Ahrefs is an SEO tool that lets users see what keywords competitive blog posts rank for, how often posts have been shared, and how much traffic each post gets. If we stick with the vitamin example, here’s a summary of the content you’d find in Ahrefs:
You can use this information to find opportunities to create new content that goes into more detail or gives a fresh new perspective.
Use the Content Explorer feature to enter a topic to see what content ranks for it. You’ll see a graph that highlights how many pages have been published over time. Keep in mind that not all of this data is from competitive sites; however, it does give you a good indication of how popular the topic is.
For popular keywords, think of perspectives that haven’t been discussed yet to attract fresh new interest and to compete with other ecommerce stores publishing similar articles.
Often, your website is one of the first places people find you online. Since the majority of shoppers research their purchases online before they buy, you want to make it easy for them to find you and browse your product pages. The easier it is for customers to find you and the types of products they’re looking for, the better their experience. Their search takes less time, and they can move through the sales funnel quicker.
Alexa is an SEO- and competitive-analysis tool that lets you do competitive website analysis to see how your website ranks for features like traffic, keywords, and backlinks compared with your competitors. You can even find other sites in your niche that are doing a good job of getting traffic. Research these sites to figure out what they do differently from you, and then customize the results for your site.
Using the Audience Overlap tool, find which sites your target audience visit, and review the types of content they’re reading. This might be blogs and product pages. The visualization feature lets you see which sites your audience visits and lets you explore information, such as backlinks and keywords, to figure out where audiences overlap and what you need to do to attract more traffic than your competition.
Product reviews offer a gold mine of information directly from customers. From positive experiences to negative ones, customers are willing to share. You can use customers’ willingness to share to learn more about what your competitors are doing well and where there’s an opportunity for you to outperform them.
A product-review site where comments are grouped together from across the web is a better option than looking for individual reviews on marketplaces where their competitors also sell products, like Amazon or eBay. This is time-consuming and makes it harder to spot trends. For example, you might identify an issue with fulfillment and shipping if customers complain about the high cost of shipping and late deliveries.

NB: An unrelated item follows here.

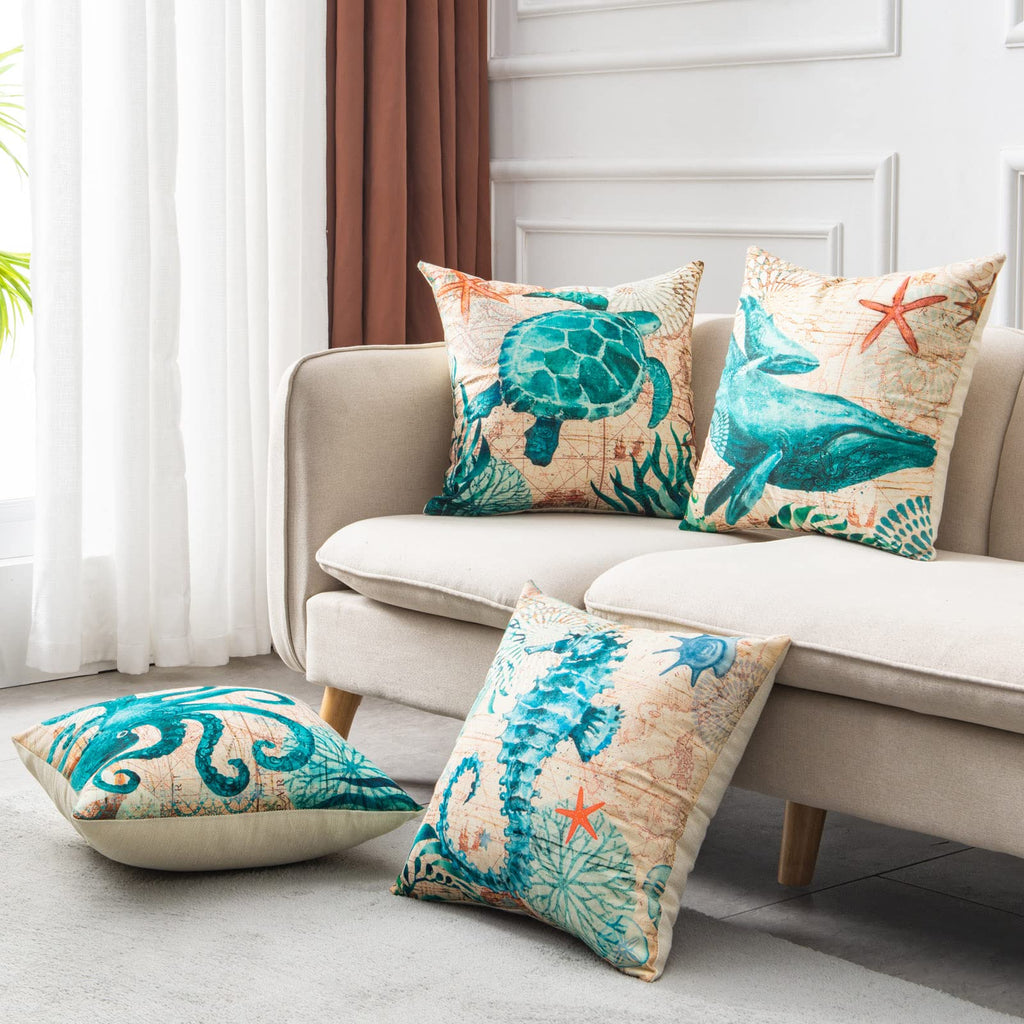 Throw Pillow Covers and Couch Cushion with Marine Life Print Square Decorative for Sofa - Image 12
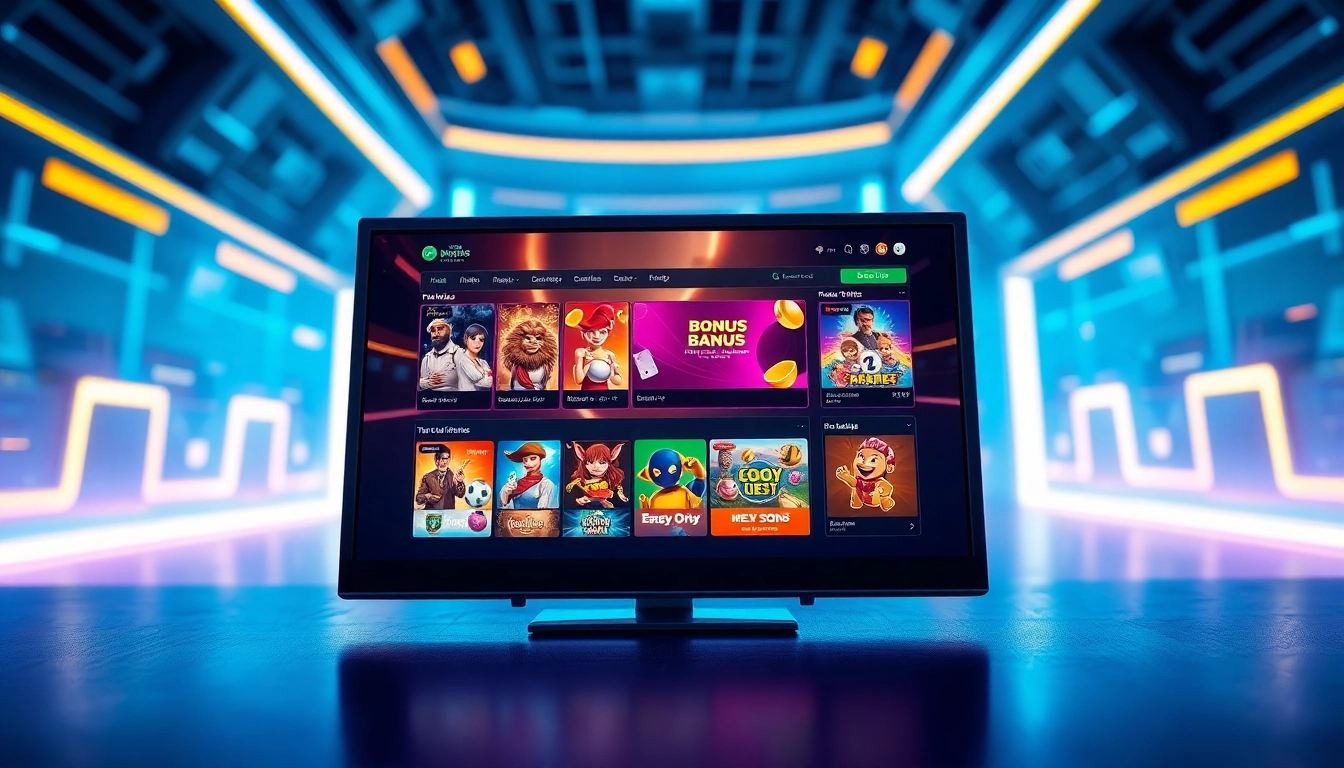 A modern online gaming platform interface with promotional banners and colorful game icons on a high-tech background.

Trustpilot lets you see what types of reviews customers leave for your competitors to see. You can also see how many reviews are available and check the overall customer-satisfaction rating. These reviews can be used to find new opportunities to meet customer needs.
Simply enter the name of one of your competitors and Trustpilot will show you
- how customers rate the seller — from bad to excellent;
- how many reviews have been received; and
- a list of reviews.
Also, many sellers take the time to respond to less-than-favorable reviews, so use their response to learn more. For example, competitors might mention improvements they’re making to their product. Take note of these so that you can keep ahead of customer expectations.
The insights you find can be used to figure out what you’re doing well and where you need to improve. That way, you’re proactively looking for new ways to meet customer needs and outperform the competition. Make competitive analysis a regular part of how you run your business — after all, your competitors do. The more you know about your competition, the better your business becomes because you’re always adjusting.